GIVEN INFORMATION:
---

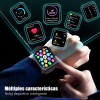 Smartwatch Reloj Inteligente Bluetooth Con Audifonos
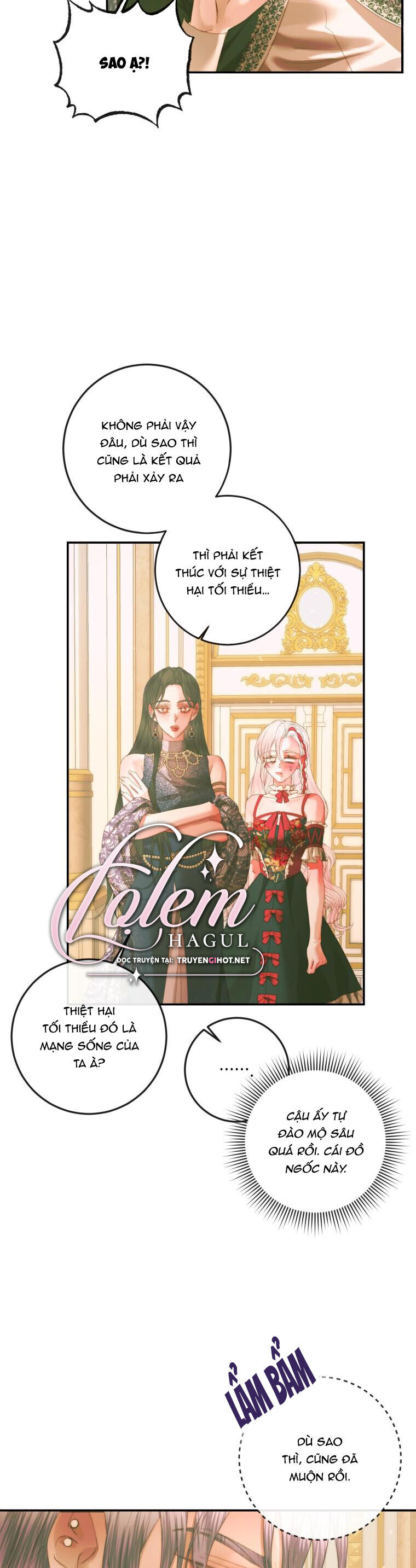 Siren: Trở Thành Gia Đình Của Nhân Vật Phản Diện Chapter 74 - Trang 2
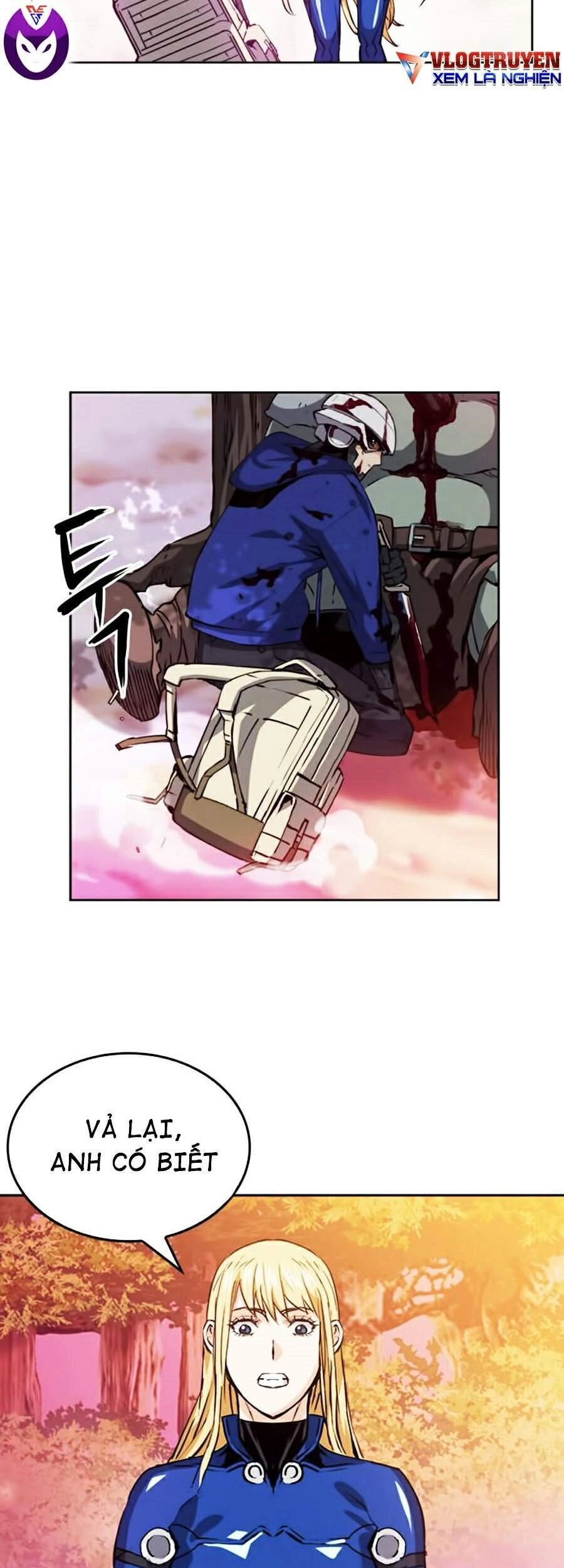 Druid Tại Ga Seoul Chapter 25 - 65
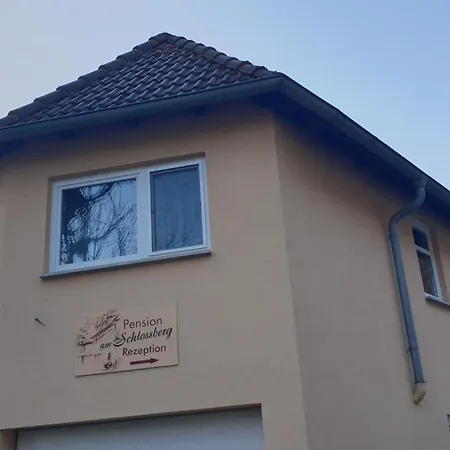Am Schlossberg Guest house Reichenberg (Bavaria)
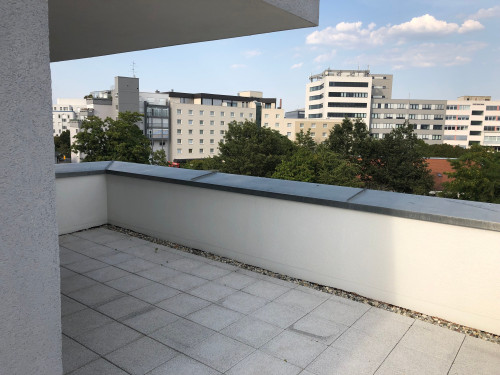 Großes Penthouse über 2 Etagen Innenstadt Hanau - Gallery - 22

---

ACTIVITY:
Your answer must be an exact copy of the lines above, from the line that contains "Druid Tại Ga Seoul Chapter 25 - 65" through the final line, with no pictures in it.

SOLUTION FOR THIS TASK:
 Druid Tại Ga Seoul Chapter 25 - 65
Am Schlossberg Guest house Reichenberg (Bavaria)
 Großes Penthouse über 2 Etagen Innenstadt Hanau - Gallery - 22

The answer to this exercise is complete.